Silva Carvalho diz que foi convidado para o SIRP
Convite partiu do gabinete de Passos Coelho. O "ex-espião" Jorge Silva Carvalho revelou esta quinta-feira que esteve muito perto de ser nomeado pelo governo de Passos Coelho como diretor do Serviço de Informações da República Portuguesa (SIRP), mas que o "caso das secretas" impossibilitou essa nomeação.
O ex-diretor do Serviço de Informações Estratégicas de Defesa (SIED), arguido no processo das secretas, disse em julgamento que, em maio de 2011, quando já trabalhava para a empresa privada Ongoing, teve um encontro no hotel Ritz, em Lisboa, com Miguel Relvas (PSD), que lhe perguntou se estava interessado em voltar ao serviço de informações. Segundo Silva Carvalho, depois de ter recusado o convite de Miguel Relvas, em junho do mesmo ano, quando o governo PSD tomou posse, foi novamente contactado, através de um assessor do gabinete do então primeiro-ministro Pedro Passos Coelho, para ocupar o cargo de secretário-geral do SIRP.

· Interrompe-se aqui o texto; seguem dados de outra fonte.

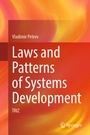 Cover: Laws and Patterns of Systems Development - Springer
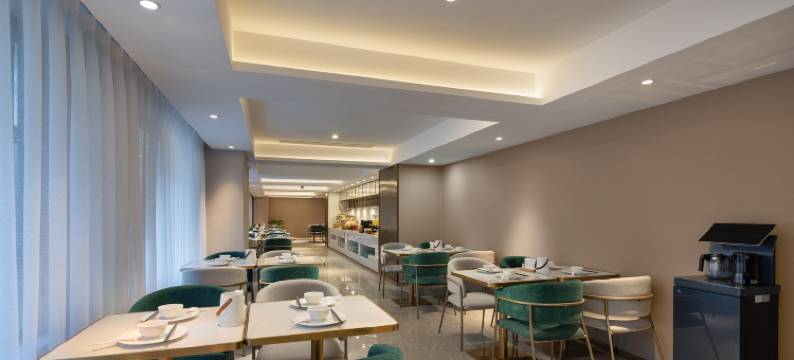 白玉兰酒店(开封鼓楼广场大相国寺店)图片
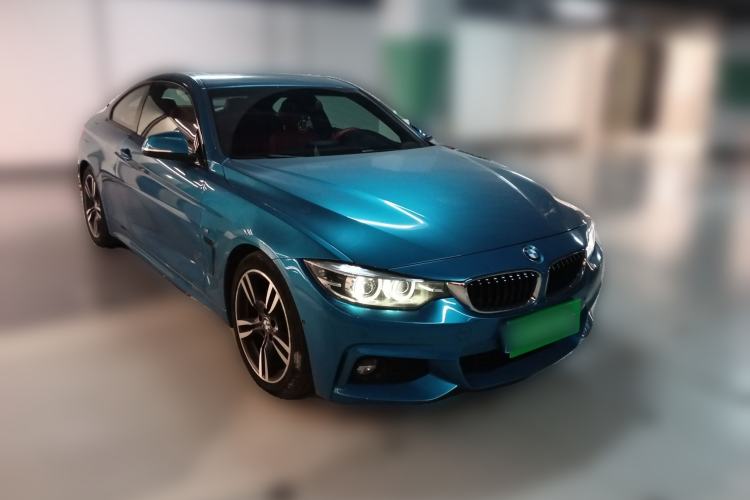 Used BMW 4 Series 2017 425i M Sport Package
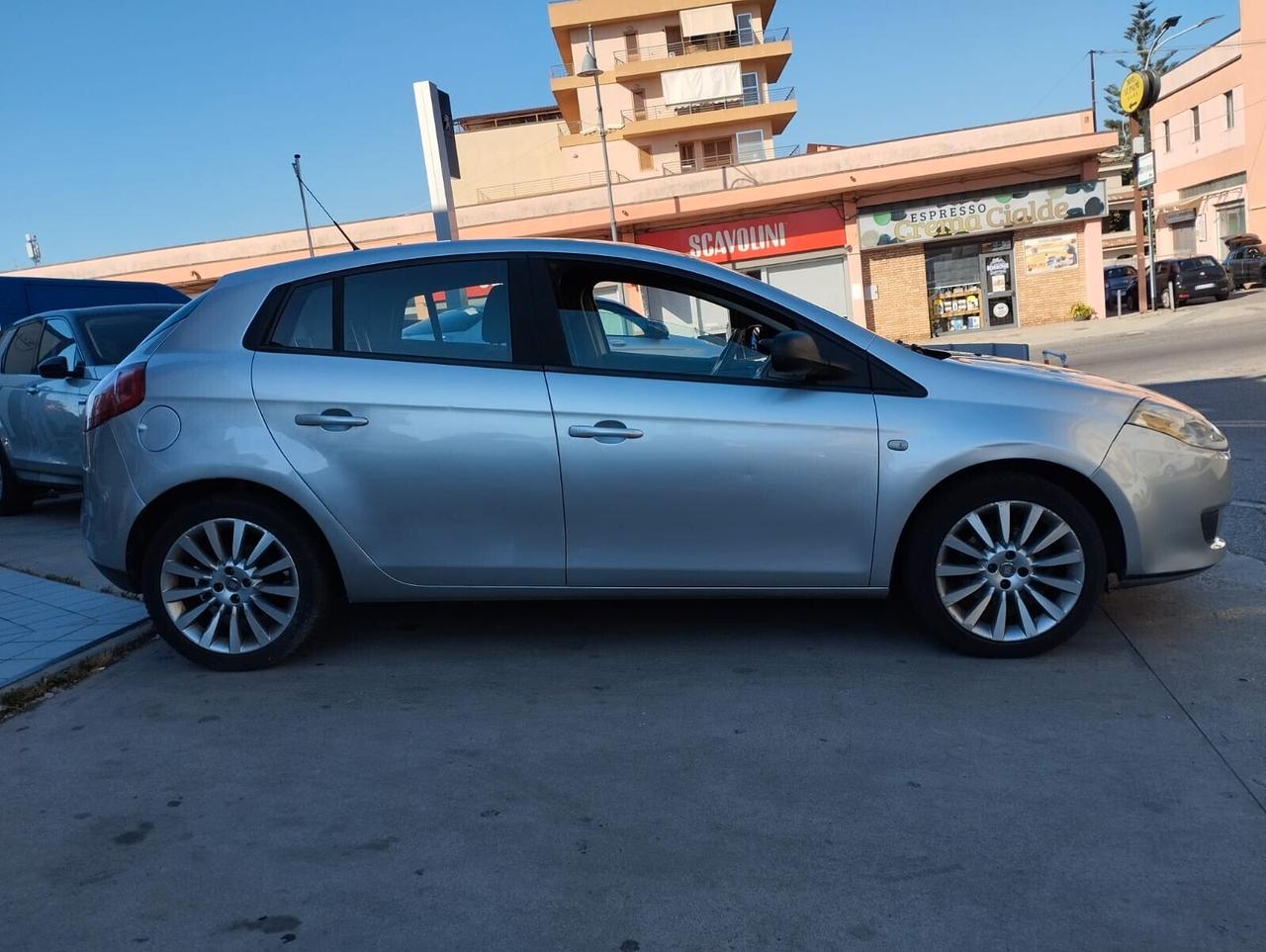 Fiat Bravo 1.6 MJT 105 CV Dynamic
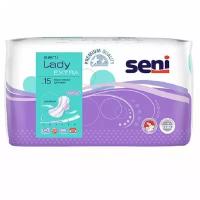 Прокладки урологические Seni (Сени) Lady Extra 400 мл 15шт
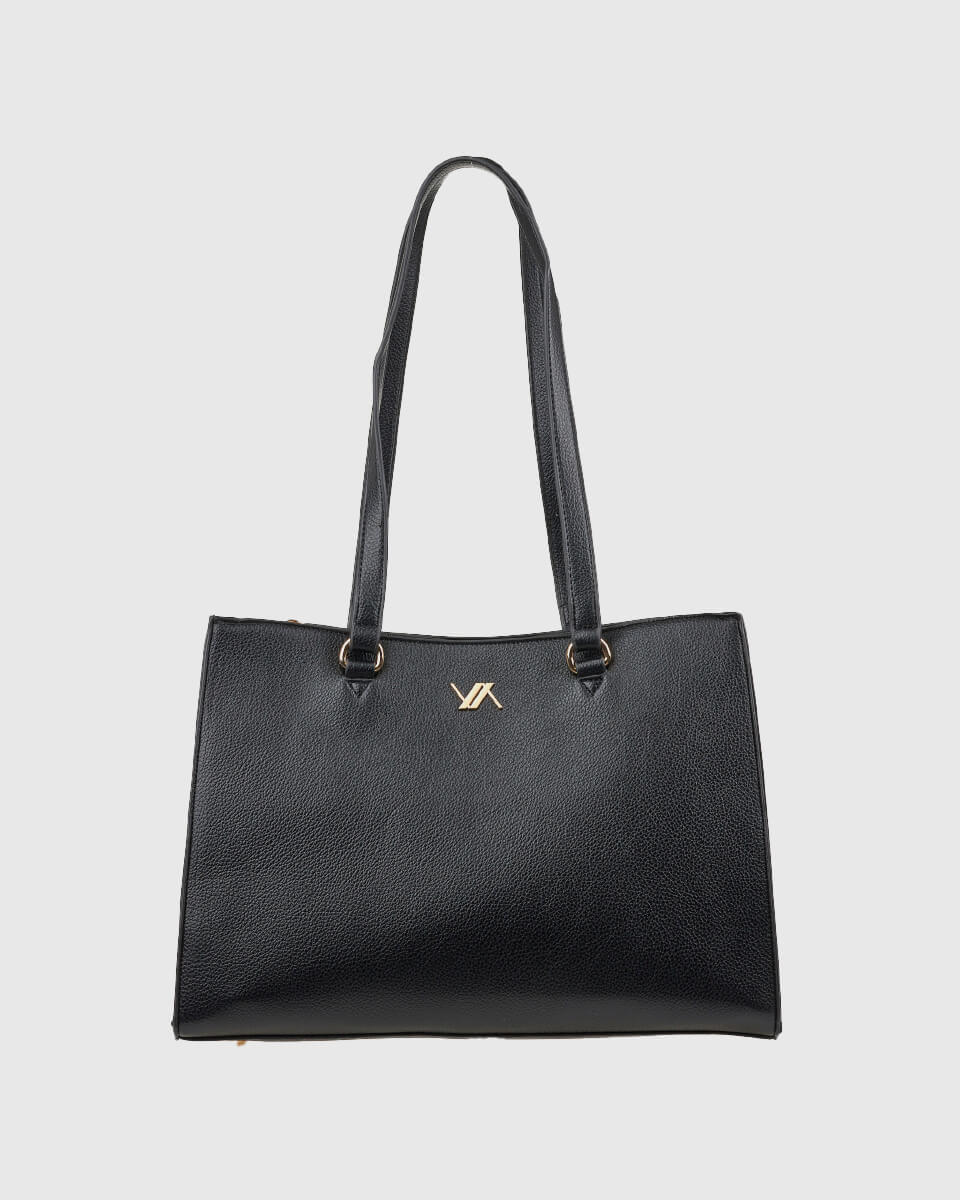 VERDE ΓΥΝΑΙΚΕΙΑ ΤΣΑΝΤΑ ΩΜΟΥ 16-0008286 ΜΑΥΡΟ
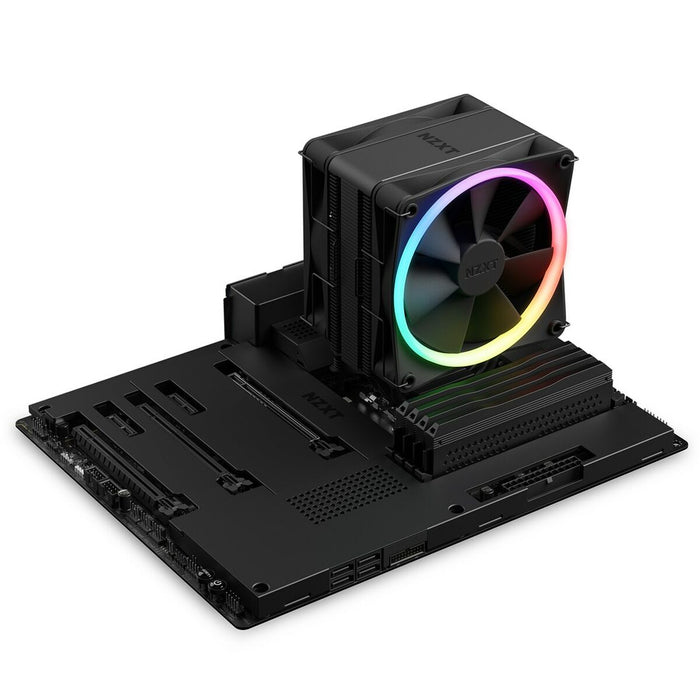 Ventilator pentru laptop NZXT RC-TR120-B1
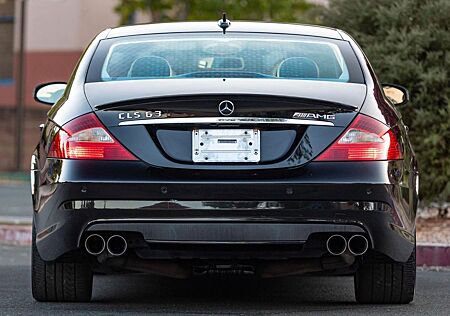 Mercedes-Benz CLS 63 AMG AMG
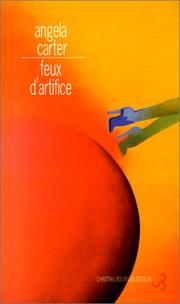 Cover of: Feux d'artifice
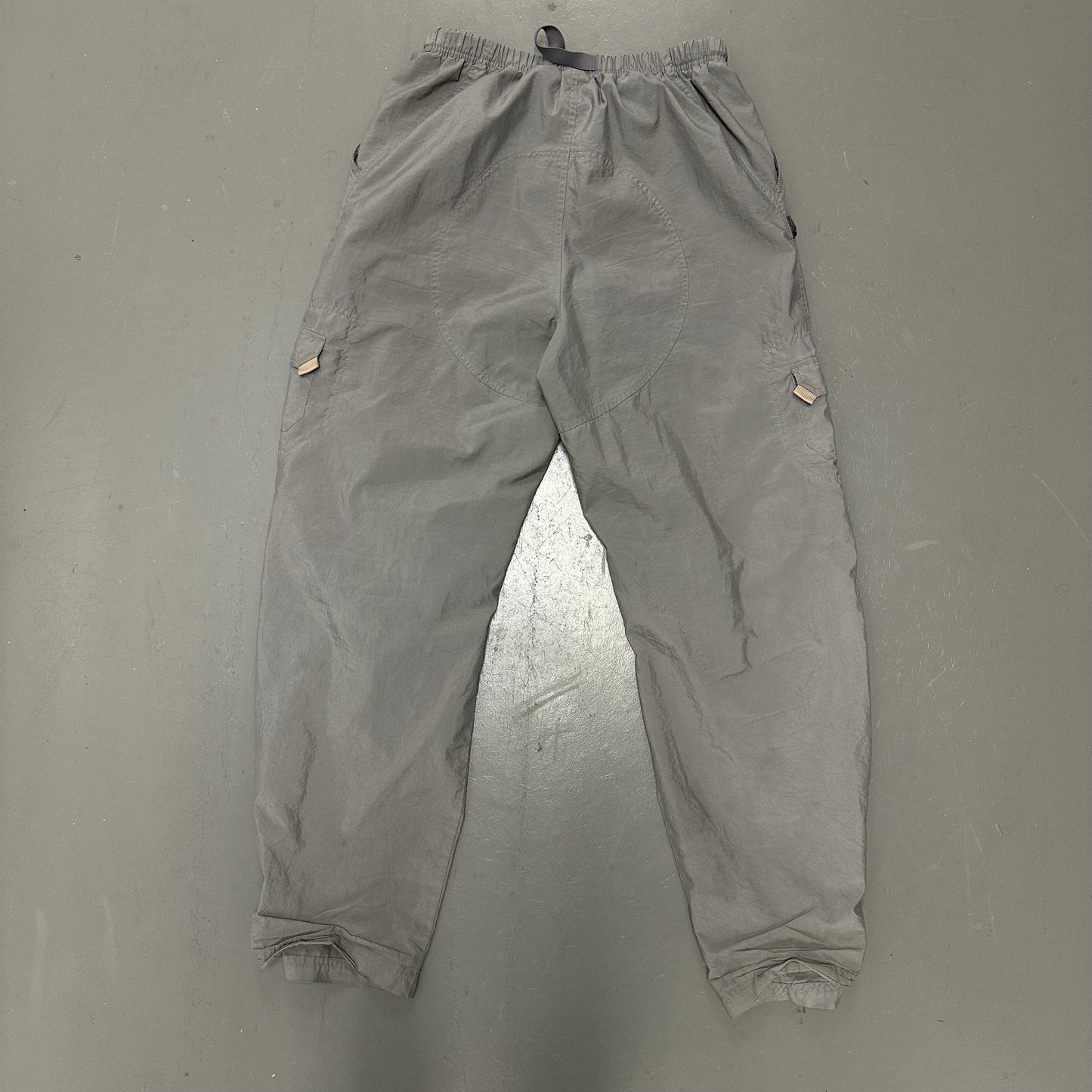 Vintage Nike ACG Baggy Parachute Pants Large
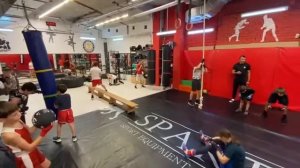 Круговая тренировка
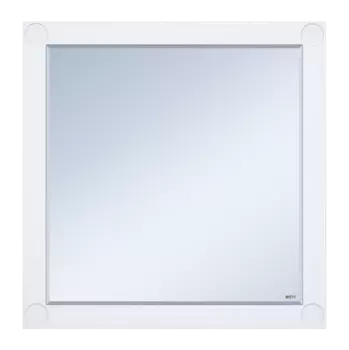 Зеркало Misty Лейла 80 белое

O arguido explicou que, nesse almoço, voltou a recusar o convite, invocando os mesmos motivos pelos quais recusara o convite de Relvas, designadamente a vontade de ter mais tempo para os filhos. Relatou que, posteriormente, houve outro almoço e que, perante a insistência dos interlocutores, aceitou, na condição que o primeiro-ministro Pedro Passos Coelho formalizasse o convite.
Lembrou que houve ainda "uns contactos", mas que depois surgiram as primeiras notícias relacionadas com "o caso dos cidadãos russos" e dos "metais preciosos" e tudo ficou sem efeito.
À saída do tribunal, aos jornalistas, Silva Carvalho garantiu que não chegou a almoçar ou a reunir-se com Passos Coelho para discutir a sua eventual nomeação como secretário-geral do SIRP e disse "estar convencido" de que se não fosse o caso das secretas ter aparecido nos jornais teria sido efetivamente nomeado para o lugar.